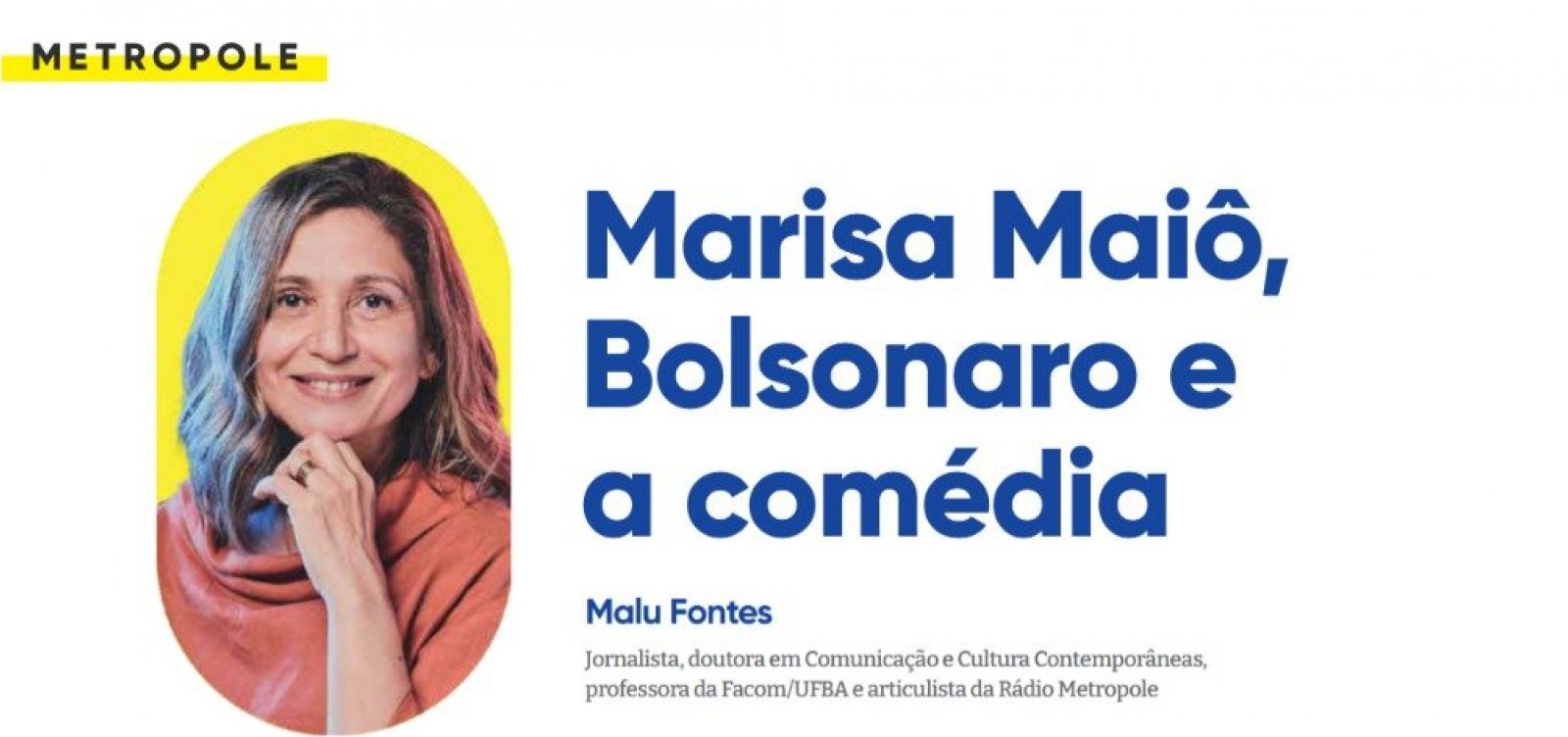Marisa Maiô, Bolsonaro e a comédia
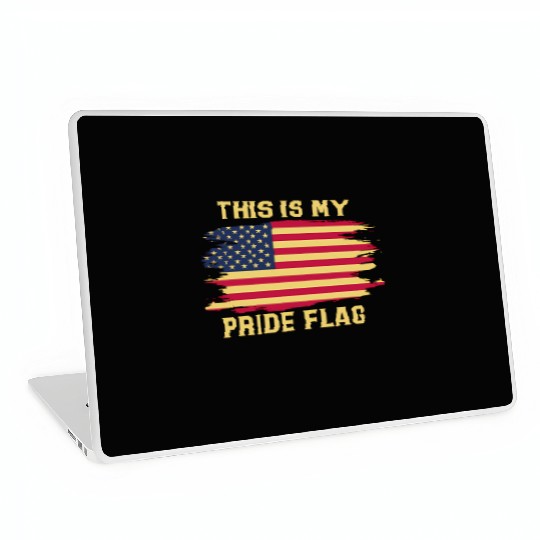 4Th Of July This Is My Pride Flag Usa American Pat Laptop Skins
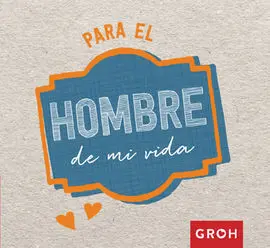 Para el Hombre de mi Vida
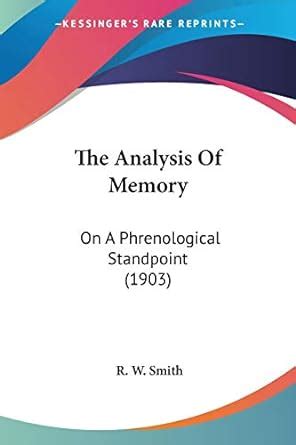 Buy The Analysis Of Memory: On A Phrenological Standpoint (1903) Book ...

◇ ◇ ◇ ◇ ◇ ◇ ◇

PROMPT
In the listing above, find the line containing "Para el Hombre de mi Vida" and restate it and every later line verbatim, with the pictures left out.

YOUR SOLUTION
 Para el Hombre de mi Vida
 Buy The Analysis Of Memory: On A Phrenological Standpoint (1903) Book ...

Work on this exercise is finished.